━━━ Information supplied ━━━
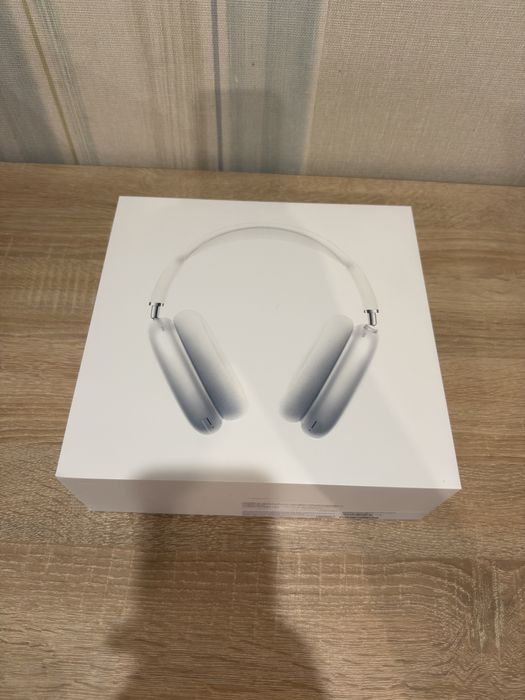 продаю airpods max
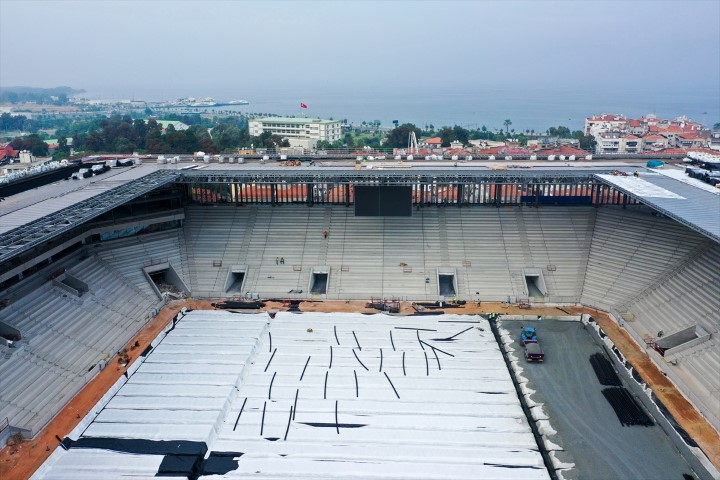 Göztepe Yeni Stadına Kavuşuyor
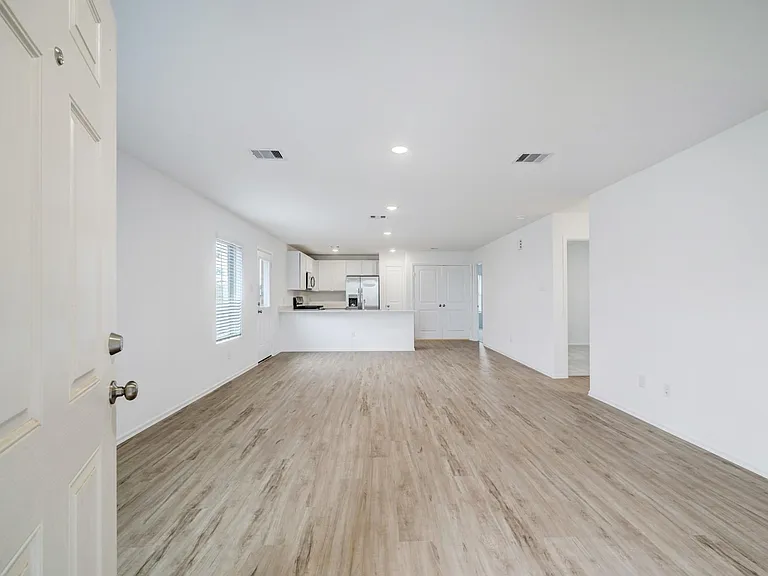8907 Estes Lake Dr — Photo 3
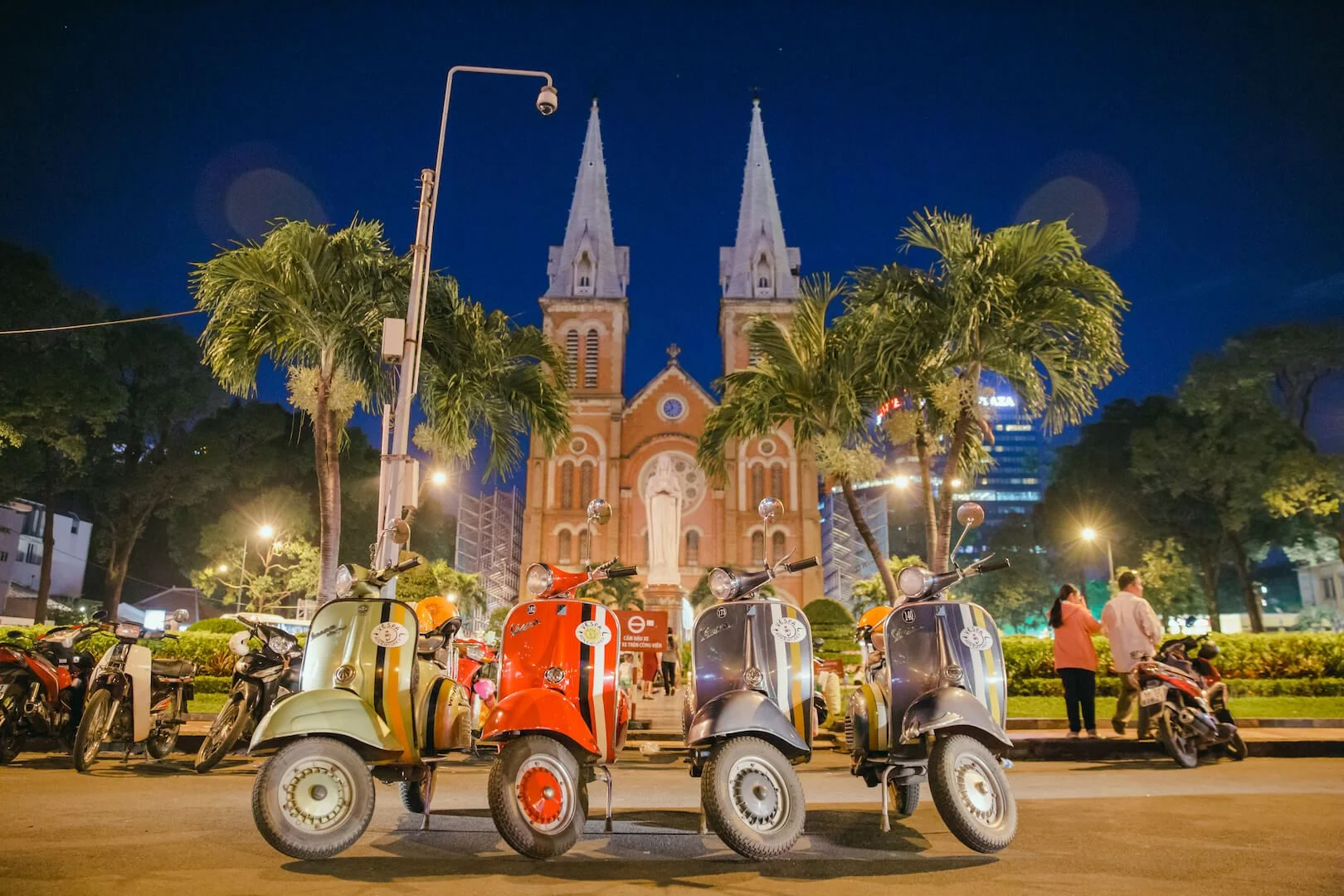 Simak Keseruan Cosmo Merayakan Perjalanan 80 Tahun Vespa di Ho Chi Minh & Melihat Lebih Dekat dengan Vespa 80th Limited Edition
━━━
Exercise requirements :: Could the material above be given again exactly, pictures excluded?

Output of the task ::
 продаю airpods max
 Göztepe Yeni Stadına Kavuşuyor
8907 Estes Lake Dr — Photo 3
 Simak Keseruan Cosmo Merayakan Perjalanan 80 Tahun Vespa di Ho Chi Minh & Melihat Lebih Dekat dengan Vespa 80th Limited Edition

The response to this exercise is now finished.